On the face of it, nothing could be clearer. But the affidavits and
affirmations filed on behalf of the respondent repeatedly make the point that
to award points in respect of individual members of a household could produce
inequitable results, such as a family with several members each suffering from
a mild condition taking priority over a person who is housebound or severely
ill and requires urgent rehousing. That does not suggest that the Council is
operating a composite approach.
40.
To resolve this apparent conflict it is necessary to look at the policy
itself which is under challenge, and in particular the detailed Health Criteria
in their latest form. Thus, "CATEGORY THREE: 50 POINTS" is defined as:
41. An
example is then given of a person with asthma who has recurrent exacerbations
and is living in significantly overcrowded conditions.
42. An
example is then given of a person experiencing great difficulty in accessing
their home or essential facilities within the house, ie, leaving and entering
the property if the lift is out of order, but they are not housebound.
43.
The example is given, amongst a number of others, of a person who is
housebound or effectively so.
44.
Finally, the new top category Health Management (500 points) is one the
qualifications for which have already been set out earlier in this judgment.

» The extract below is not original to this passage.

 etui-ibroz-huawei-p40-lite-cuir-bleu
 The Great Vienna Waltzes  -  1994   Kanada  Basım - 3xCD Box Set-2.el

Four ways of qualifying are set out there, such as being terminally ill or
where there is an immediate risk to life or limb.
45.
It can be seen that to enter one of these categories it is both sufficient
and necessary for
one
member of the household to meet the particular definition. Thus, the household
will qualify for Category 2 and receive 100 points if it has one member with a
permanent and substantial disability whose housing is significantly affecting
them, as in the example by experiencing great difficulty in accessing their
home, but are not housebound. The household will remain in that category with
the same number of points even if two or three members of it have the same
problem. No more points will be awarded. It is only if one or more members are
judged to have their health problem
severely
affected by their living conditions that the household qualifies under
Category 1, for example, because one or more of them is housebound.
46.
Mr Rutledge argues that these are subjective and vague judgments to be made
by the Council's officers, but one has to assume that they are judgments made
honestly and in accordance with the criteria. The position becomes even clearer
with the division between Category 1 and the top Health Management Category.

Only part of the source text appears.